Indiscipline, with Jacques Rancière
“A discipline is always something other than an exploitation of this territory, and therefore a demonstration of an idea of knowledge [savoir]. And this idea of knowledge [savoir] should be understood as a regulation of the rapport between … [knowledge and ignorance]. It is a way of defining an idea of the thinkable, an idea of what the objects of knowledge themselves can think and know. It is therefore always a certain regulation of dissensus, of its dehiscence [écart] in relation to the ethical order, according to which a certain type of condition implies a certain type of thought. (…)
… a discipline is always much more than an ensemble of procedures which permit the thought of a given territory of objects. It is first the constitution of this territory itself, and therefore the establishment of a certain distribution of the thinkable. As such, it supposes a cut in the common fabric of manifestations of thought and language. The disciplines found their territory by establishing a dehiscence between what the phrases of the woodworker say and what they mean, between what the woodworker describes to us and the truth hidden behind the description. (…)
In-disciplinary thought… must practice a certain ignorance. It must ignore disciplinary boundaries to thereby restore their status as weapons in a dispute. This is what I have done, for example, in taking the phrases of the joiner [woodworker] out of their normal context. This normal context is that of social history, which treats them as expressions of the worker’s condition. I have taken a different path: these phrases do not describe a lived situation. They reinvent the relation between a situation and the forms of visibility and capacities of thought which are attached to it. Put differently, this narrative [récit] is a myth in the Platonic sense: it is an anti-Platonic myth, a counter-story of destiny. The Platonic myth prescribes a relationship of reciprocal confirmation between a condition and a thought. The counter-myth of the joiner breaks the circle. The indisciplinary procedure must thus create the textual and signifying space in which this relation of myth to myth is visible and thinkable. (…)
This implies another practice - an indisciplinary practice - of philosophy, of its relation to the human sciences … seiz[ing] the moment in which the philosophical pretension to found the order of discourse is reversed, becoming the declaration … of the arbitrary nature of this order. (…)
… at the moment in which it [philosophy] wants to found its status as a discipline of disciplines, it produces this reversal: the foundation of foundation is a story. And philosophy says to those knowledges [savoir] who are certain of their methods: methods are recounted stories. This does not mean that they are null and void. It means that they are weapons in a war; they are not tools which facilitate the examination of a territory but weapons which serve to establish its always uncertain boundary.
There is no assured boundary separating the territory of sociology from that of philosophy of that of the historians from literature. No well-defined boundary separates the discourse of the woodworker who is the object of science from the discourse of science itself. After all is said and done, to trace these boundaries is to trace the boundary between those who have thought through this question and those who have not. This boundary is never traced other than in the form of a story.
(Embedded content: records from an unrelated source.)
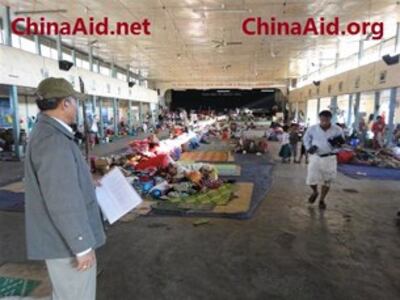 图片：缅甸难民目前缺医少药，处境艰难。（对华援助协会）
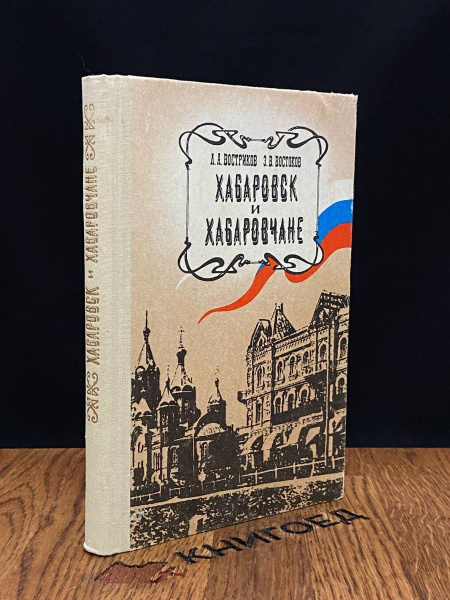 Хабаровск и Хабаровчане - купить с доставкой по выгодным ценам в ...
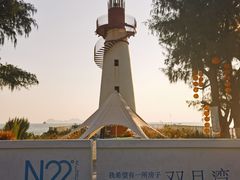 -双月湾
Only the language of stories can trace the boundary, forcing the aporia of absence of final reason from the reasons of the disciplines. (…)
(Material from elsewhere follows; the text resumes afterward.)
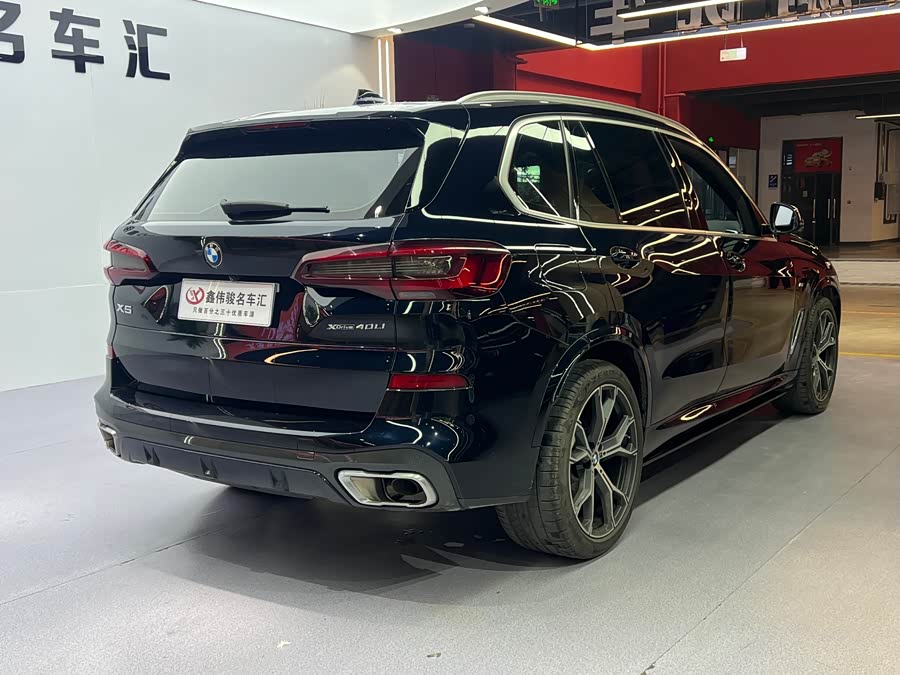 BMW X5 2023 صورة سيارة #17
The poetics of knowledges does not claim that the disciplines are false knowledges. It claims that they are disciplines, ways of intervening in the interminable war between ways of declaring what a body can do, in the interminable war between the reasons of equality and those of inequality. It does not claim that they are invalid because they tell stories. It claims that they must borrow their presentations of objects, their procedures for interaction and their forms of argument from language and common thought.”
- Jacques Rancière, trans. Jon Roffe, Thinking between disciplines: an aesthetics of knowledge, Parrhesia, No.1, 2006, pp.1-12.